Information provided
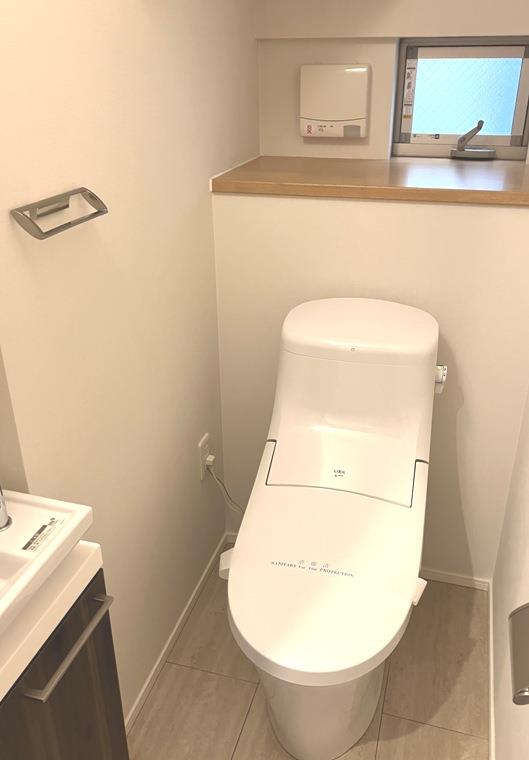 トイレにも小さな窓がついているのがGOOD。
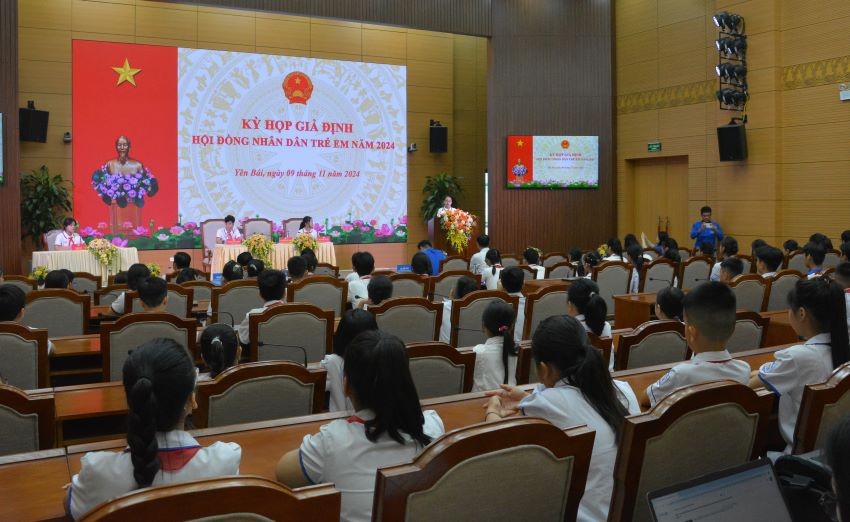 Kỳ họp giả định Hội đồng Nhân dân trẻ em tại tỉnh Yên Bái. (Ảnh: yenbai.gov.vn) Kỳ họp giả định Hội đồng Nhân dân trẻ em tại tỉnh Yên Bái. (Ảnh: yenbai.gov.vn)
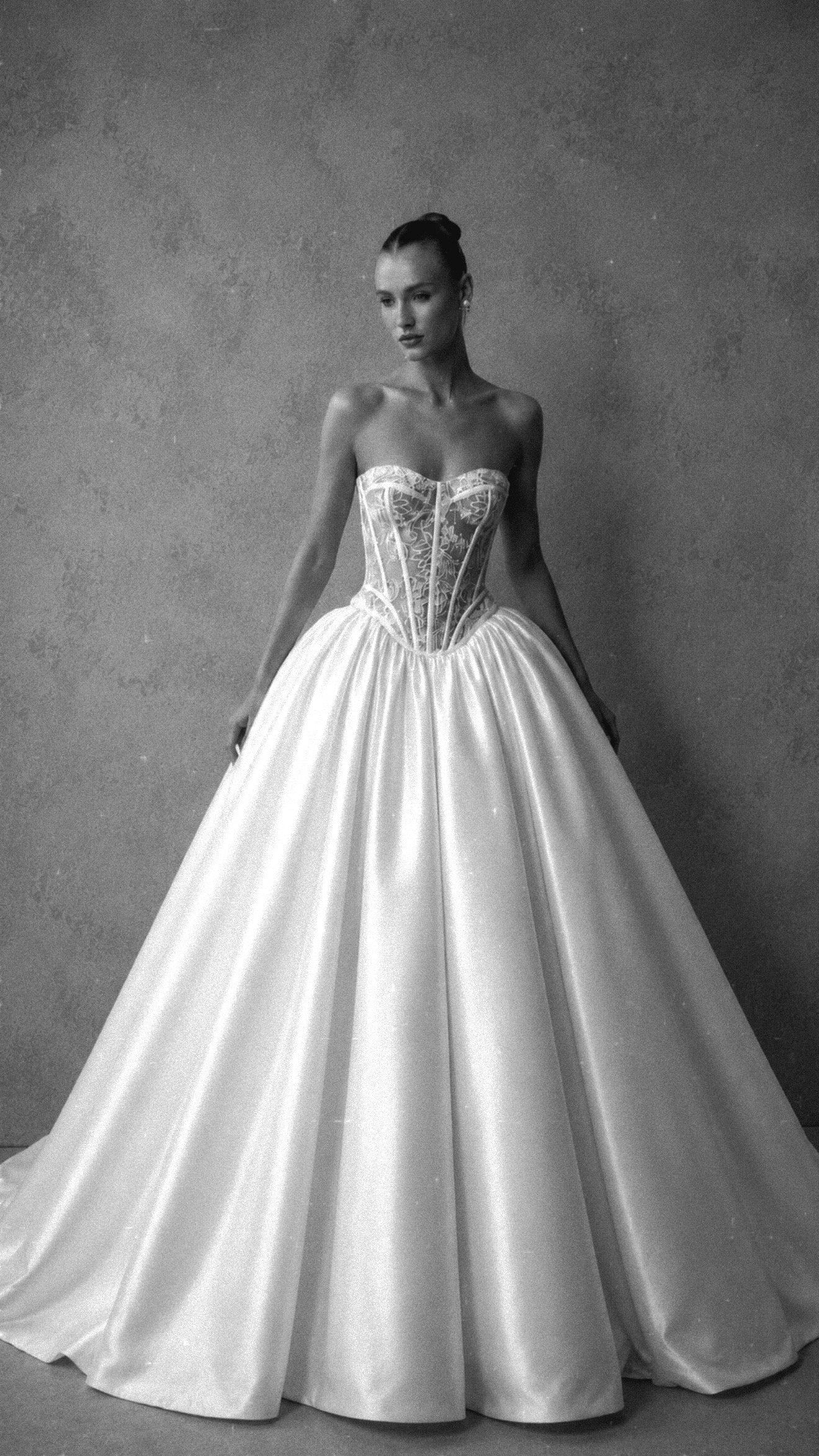 Wedding_Dress_Bridal_Gown_veil_Accessories_Los_Angeles_ForLove_Bridal-Monique-Lhuillier-pallas-Sima-Couture-Elysee-Vivienne-Westwood- Dana-Harel-Milla-Nova-La-Premiere-privee-Muse-cinq-Sophia-Tolli-ines-di-santo-leah-da-gloria-rivini-oscar-de-la-renta-ysa-makino-eden-aharon-Mariana-Hardwick-Oksana-Mukha-Couture-Dana-Harel-Kyha-Nicole-Felicia-Enzoani-bridal-veils-best-bridal-store-in-los-angeles-enzoani-vera-wang-sarah-seven-Grace-Loves-Lace-lovely-bride-lilis-rachel-&-rose-liz-martinez-Dovita-bridal-minis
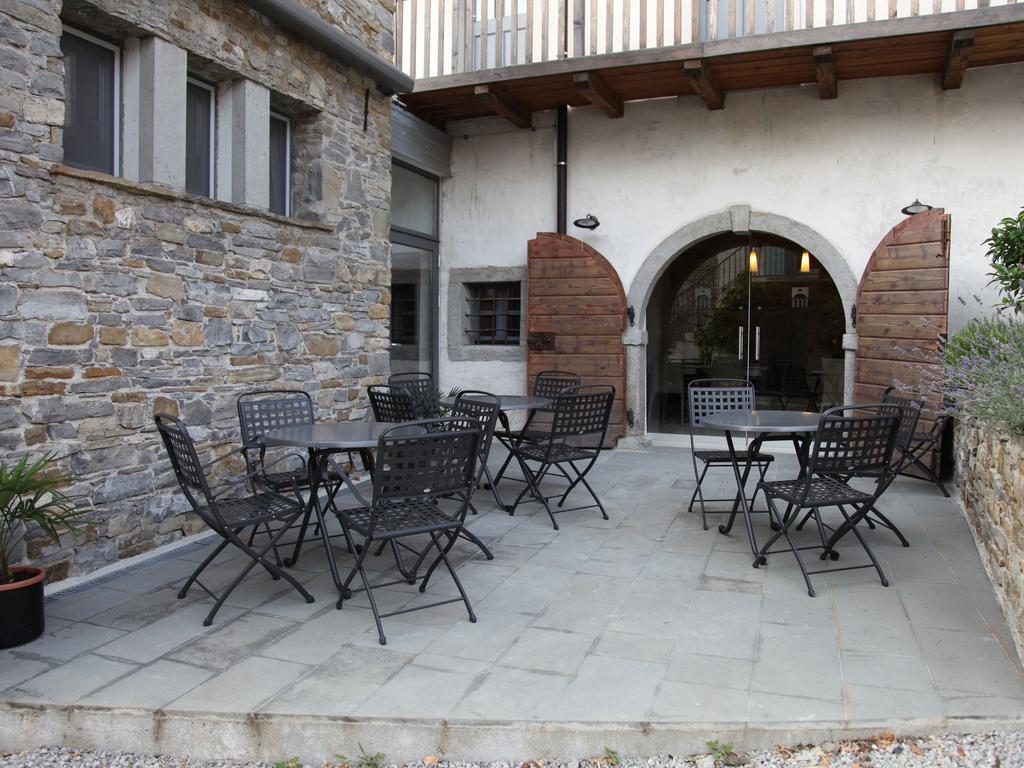 Boutique Hotel Dvor Доброво Екстериор снимка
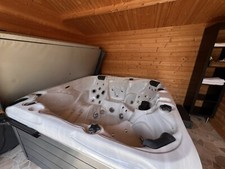 Whirlpool Spa München Inkl. Cover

What the exercise asks
All entries above are to be reproduced exactly, with no pictures.

Written response
 トイレにも小さな窓がついているのがGOOD。
 Kỳ họp giả định Hội đồng Nhân dân trẻ em tại tỉnh Yên Bái. (Ảnh: yenbai.gov.vn) Kỳ họp giả định Hội đồng Nhân dân trẻ em tại tỉnh Yên Bái. (Ảnh: yenbai.gov.vn)
 Wedding_Dress_Bridal_Gown_veil_Accessories_Los_Angeles_ForLove_Bridal-Monique-Lhuillier-pallas-Sima-Couture-Elysee-Vivienne-Westwood- Dana-Harel-Milla-Nova-La-Premiere-privee-Muse-cinq-Sophia-Tolli-ines-di-santo-leah-da-gloria-rivini-oscar-de-la-renta-ysa-makino-eden-aharon-Mariana-Hardwick-Oksana-Mukha-Couture-Dana-Harel-Kyha-Nicole-Felicia-Enzoani-bridal-veils-best-bridal-store-in-los-angeles-enzoani-vera-wang-sarah-seven-Grace-Loves-Lace-lovely-bride-lilis-rachel-&-rose-liz-martinez-Dovita-bridal-minis
 Boutique Hotel Dvor Доброво Екстериор снимка
 Whirlpool Spa München Inkl. Cover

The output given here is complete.